** ACTION ITEM **
Pictures are to be dropped. Everything else in the listing gets copied exactly.

** COLLECTED MATERIAL **
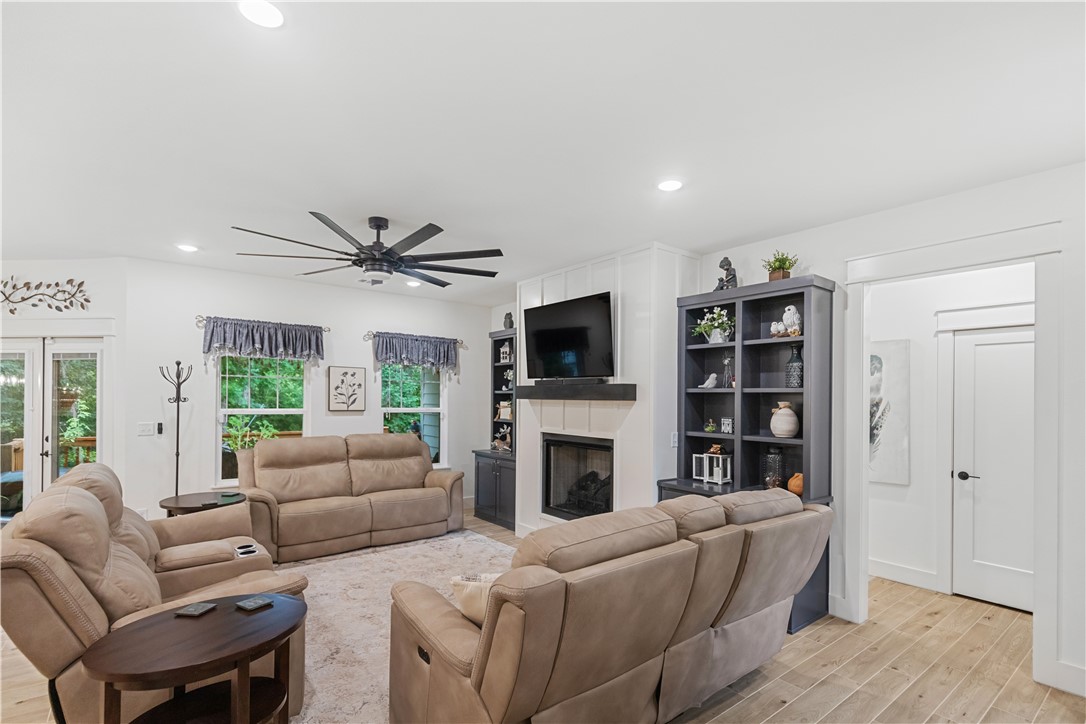 Renfrew Sub Bvv - Residential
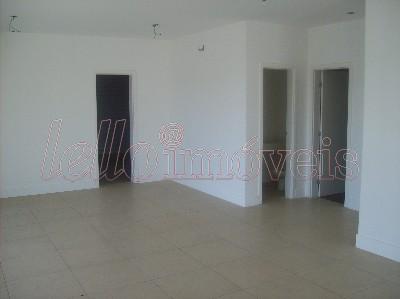 Apartamento à venda com 3 quartos, 208m² - Foto 2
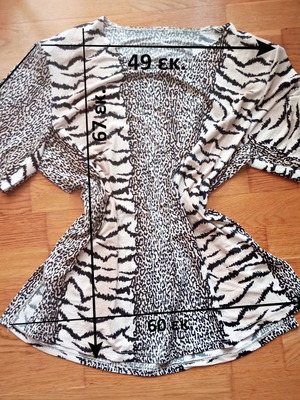 Animal Print Women's Blouse like new, size L to XL, black and beige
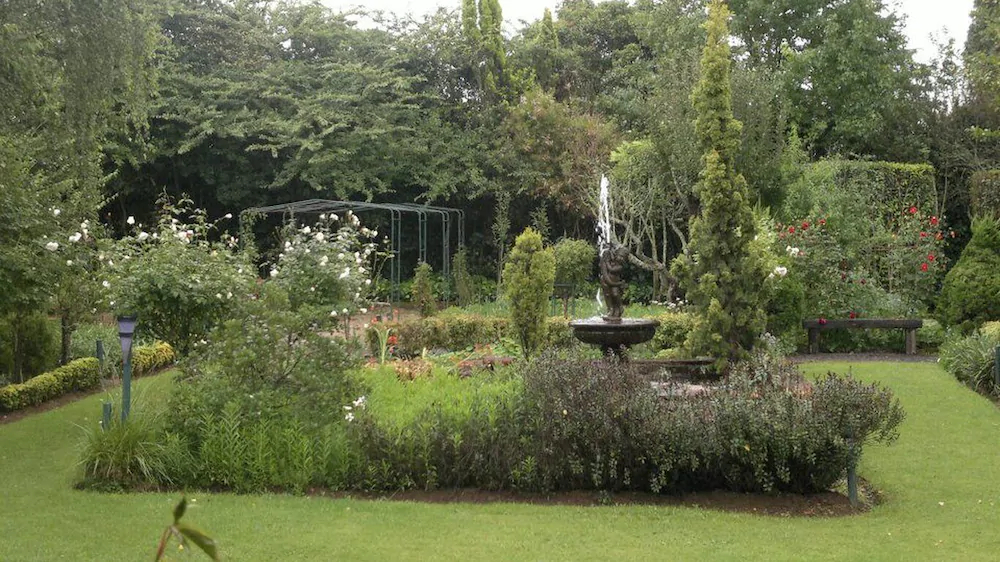 The Highland Rose Country House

** RESPONSE BOX **
 Renfrew Sub Bvv - Residential
 Apartamento à venda com 3 quartos, 208m² - Foto 2
 Animal Print Women's Blouse like new, size L to XL, black and beige
 The Highland Rose Country House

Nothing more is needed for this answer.